目的を明確化してシステム開発プロジェクトを成功に導くためにやること

以上、システム開発のスタート前からゴールまで常にプロジェクトの「目的」を意識することによってもたらされるさまざまなメリットについて整理しました。
また併せて、「目的」が忘れられてしまったプロジェクトでどんなネガティブなことが起きるかについても解説しましたが、この記事で例に出した「品質の低下」「工数の増大による追加コスト」「納期の遅れ」などは、システム開発においては決して珍しい話ではありません。
さすがに訴訟問題が常態化しているようなシステム会社は少ないとは言え、QCDの達成に失敗しているプロジェクトはたくさんあります。
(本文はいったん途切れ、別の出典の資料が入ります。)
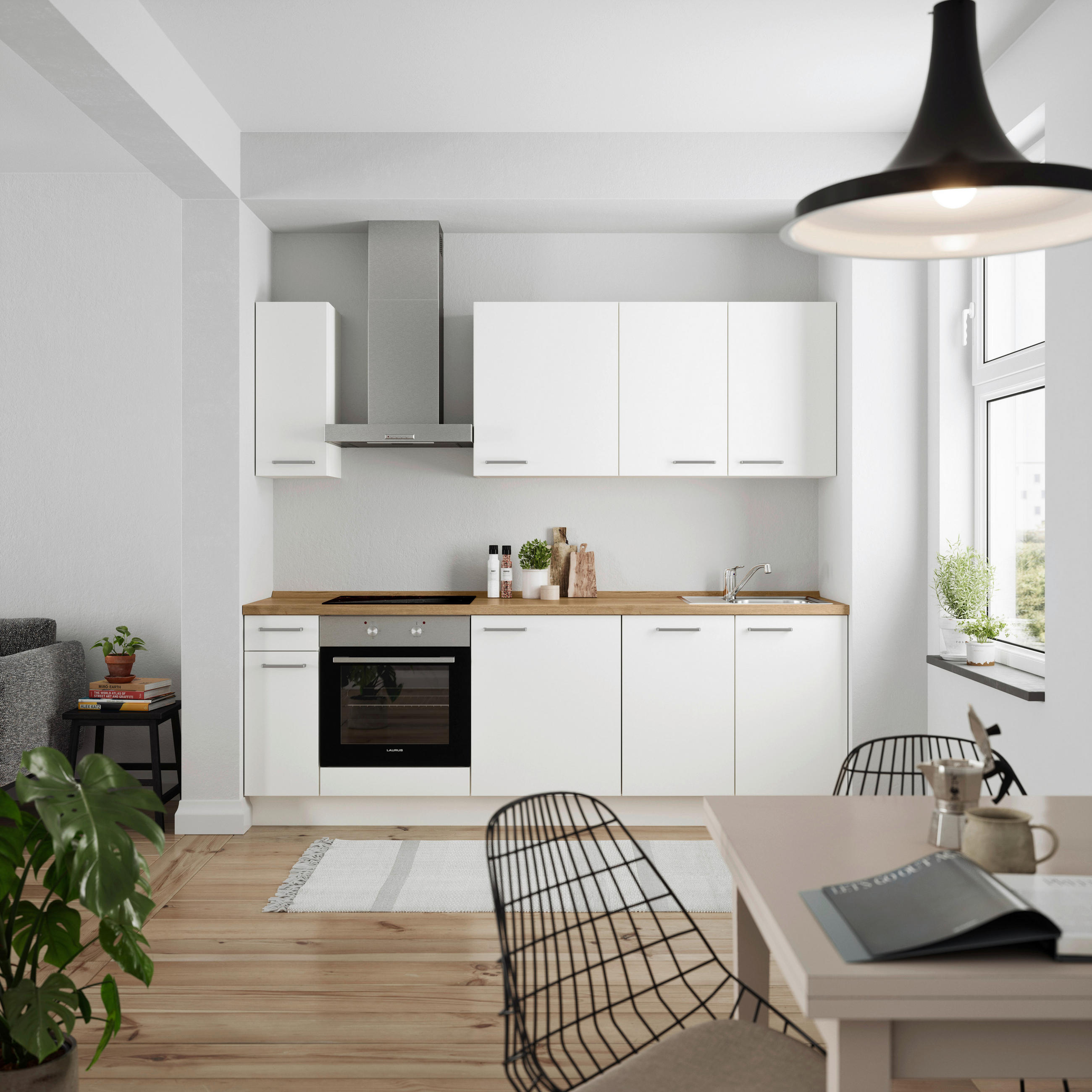 KÜCHENBLOCK 240 cm   in Weiß, Eichefarben  - Edelstahlfarben/Eichefarben, MODERN, Holzwerkstoff/Metall (240cm) - Nobilia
その原因の1つは、この記事で取り上げた訴訟例のように、発注側でプロジェクトの目的を曖昧かつ抽象的なまま、要件定義工程を通過させてしまって気が付かないでいるということにあります。

また、もう1つの大きな原因としては、本来、訴訟事例のような要求定義ではきちんとした開発設計図もかけないはずなのに、そのままコーディングなどの作業に移行してしまう開発会社のいいかげんさがあります。

つまり、システム開発において、目的を明確化してプロジェクトのQCDを高めることの大切さを認識した発注者がやるべきことは、実際の開発前から、開発、開発終了後の運用保守の段階まで、常にプロジェクトの「目的」をしっかりと認識している信頼のおける開発会社をパートナーとして選ぶことです。

残念ながらすべての開発会社が、そうした認識を持っているわけではありません。
そうした評価の部分は、システム開発会社のホームページやパンフレットからはなかなか読み取れないものです。